In a luncheon speech to the Federal Communications Bar Association, Copps suggested that one commissioner be designated as the agency's point person for pushing disaster preparedness planning (or what, before 9/11, was jokingly tabbed by some the "duck and cover commissioner"), a post once manned by Michael Powell.
"We are nowhere near ready for next time," Copps said.
"I don't want anyone to be able to say, if terror strikes again, that either the industry or the agency were asleep at the switch," he said. More needs to be done to ensure redundancy and interoperability among communications systems and more detailed action planning for a disaster, he said.
Copps said the FCC's other top action items should include . . .
- setting public interest obligations for digital broadcasters
- coming to grips with the impact of media consolidation by writing new ownership rules, and
- accelerating the rollout and consumer adoption of high-speed Internet.
"Staring us in the face is a huge unfinished agenda," Copps said.
Martin attended the speech, held at the J.W. Marriott near the White House, but had no comment.
Martin has yet to lay out his own agenda, though he is making his first major speech as chairman next week at the National Cable & Telecommunications Association convention in San Francisco.
Regarding broadband policy, Copps finds it unacceptable that the United States ranks only 13th among all countries for adoption of broadband. Last year the U.S. ranked 11th. "We are free-falling down the scale," he said.

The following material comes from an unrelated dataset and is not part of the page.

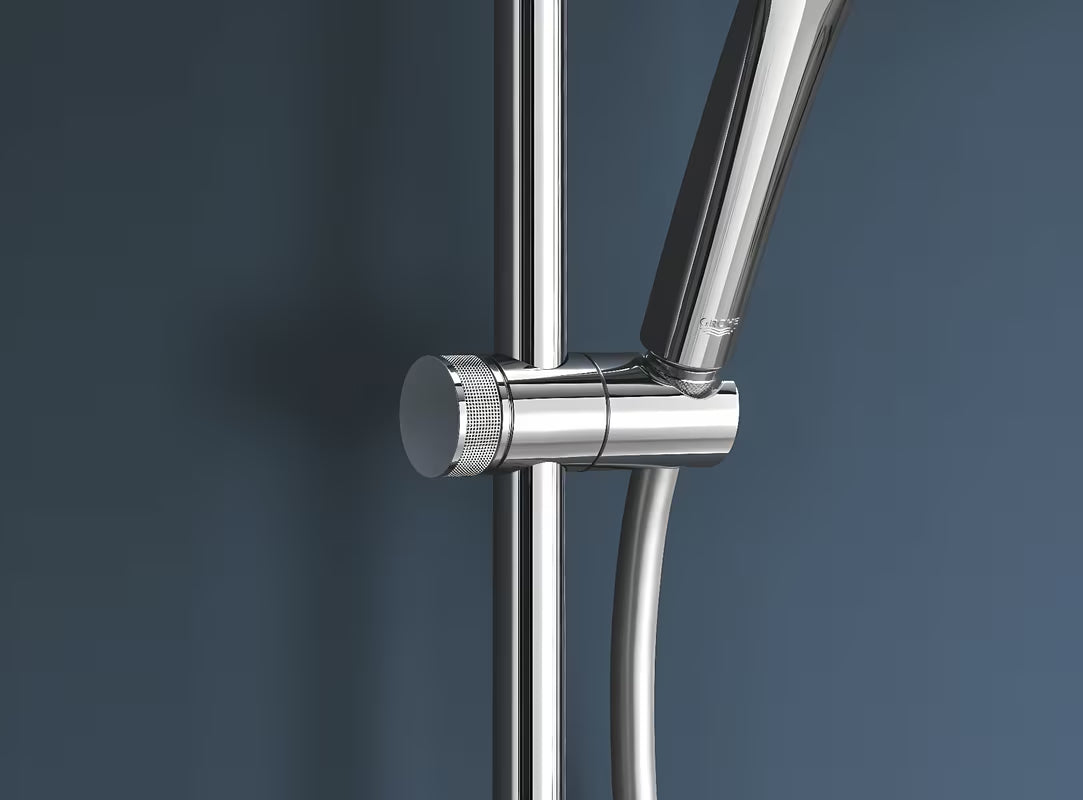 Kromirani tuš sustav Grohe Euphoria System s termostatskom miješalicom, s nadglavnim i ručnim tušem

When it comes to media policy, Copps said the FCC should fund new third-party produced economic studies on the impact of ownership consolidation on programming for minorities, children, small businesses and on the availability of independently produced programming.
He praised recently resigned FCC Chairman Michael Powell for pushing forward on the technical "mechanics" of switching broadcasters to DTV, but said more needs to be done to determine whether stations owners should be required to offer public interest programming. "What does [the DTV transition] mean for listeners and viewers is a question that never got answered."